The officials, providing details of the mission targeting Abu Ibrahim al-Hashemi al-Quraishi in a village on Syria’s border with Turkey, blamed the militant group for all civilian casualties in the operation while declining to offer an estimate on the number of those killed.
The officials said the operation was in the works since early December. Quraishi’s death marked another setback for a group that has been waging insurgent attacks in Iraq and Syria.
One official noted that the operation was complicated by the fact that Quraishi was known to only rarely leave his residence on the building’s third floor, instead relying upon a network of couriers in order to interact with others. The only known exception was when Quraishi sometimes would go to the building’s roof to bathe, the official said.
President Joe Biden, in remarks at the White House, described Quraishi’s bomb blast, which killed him and his family, as a “final act of desperate cowardice” that carried echoes of the self-detonation of a bomb by his predecessor, Islamic State founder Abu Bakr al-Baghdadi, during a U.S. raid in 2019 in Syria.
“The blast was so large on the third floor that it blew bodies outside of the house and into the surrounding areas,” a senior administration official said, briefing reporters on the operation.
“All casualties at the site were due to the acts of ISIS terrorists inside the residence,” the official added.
Quraishi was not the only Islamic State figure killed in the operation, U.S. officials said.
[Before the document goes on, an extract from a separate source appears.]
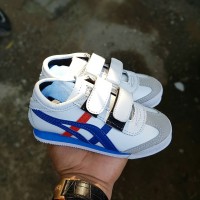 sepatu anak aiscs bagus kuat kulitas di jamin bosku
One of Quraishi’s lieutenants, who also lived in the building, barricaded himself and members of his family inside the building, on its second floor, the officials said. He and his wife tried to fire on the U.S. assault force and were also killed, the officials said.
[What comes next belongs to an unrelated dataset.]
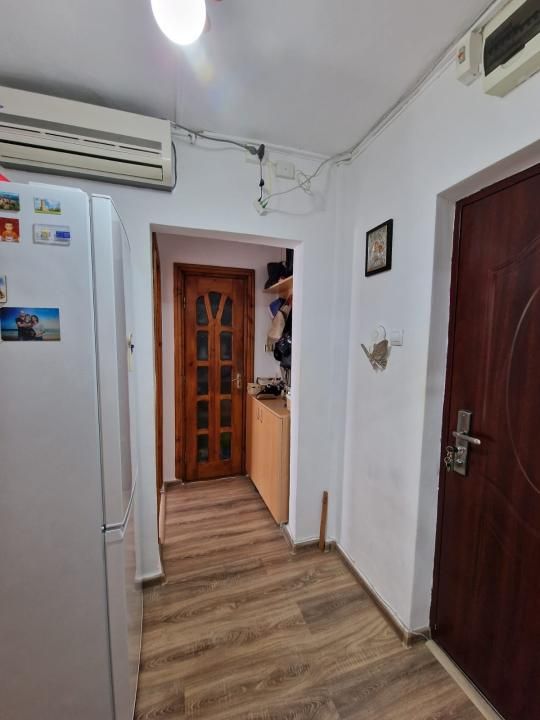 Apartament 3 camere de vânzare – Micro 6, Str. Moldovei – fotografia 7 din 9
The operation was in the planning stages since early December, when officials became convinced the Islamic State leader was located in the building, the officials said. But the number of children in the area and families on the first floor led U.S. officials to try to craft a mission aiming to safeguard civilians, they said.
That ultimately required putting at risk U.S. forces in a raid, instead of carrying out a remote strike, and calling for families on the first floor to evacuate, the officials said.
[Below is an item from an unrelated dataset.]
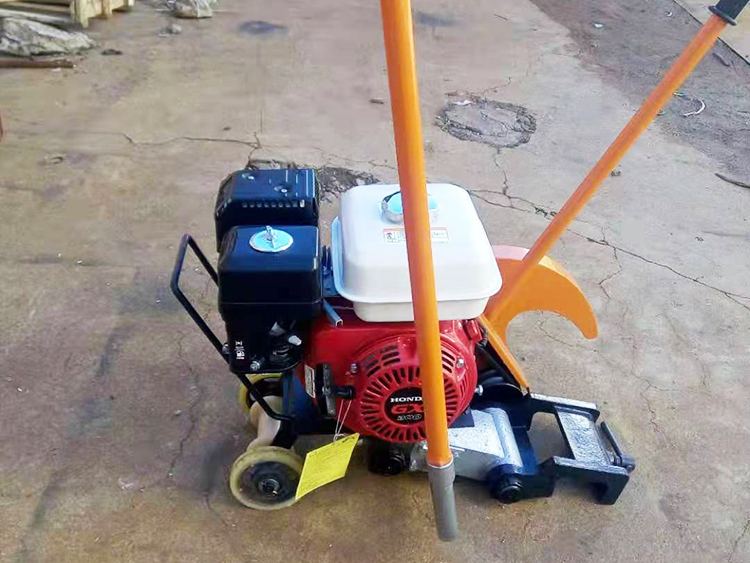 NQG-6.5II型内(nei)燃鋼軌鋸軌(gui)機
U.S. military procedures to guard against civilian casualties are currently under scrutiny following a high-profile mistaken drone strike in Afghanistan that the Pentagon initially hailed a success.
Biden gave final approvals for the mission on Tuesday during an Oval Office meeting with Defense Secretary Lloyd Austin and General Mark Milley, who as chairman of the Joint Chiefs of Staff is the top American military officer, U.S. officials said.
Biden, Vice President Kamala Harris and other administration officials monitored the operation in real-time from inside the White House Situation Room, receiving updates from Austin, Milley and General Frank McKenzie, who oversees U.S. forces in the Middle East, the officials said.
At one point, a helicopter involved in the operation suffered a mechanical failure and had to be moved and destroyed, the officials said. Another moment of tension came when U.S. forces tried to evacuate families from the first floor, they said.
“One of the first reports was that when the team came on site and called everyone to come out, those on the first floor … were led to safety,” the first official said. “Because obviously that was a key point of concern and why this operation was so complex.”
Biden said “God bless our troops” once the U.S. forces were wheels up after the operation, but kept tabs on them during the night as they moved to safety, officials said.
“Thanks to the bravery of our troops, this horrible terrorist leader is no more. Our forces carried out the operation with their signature preparation and precision,” Biden said in his remarks.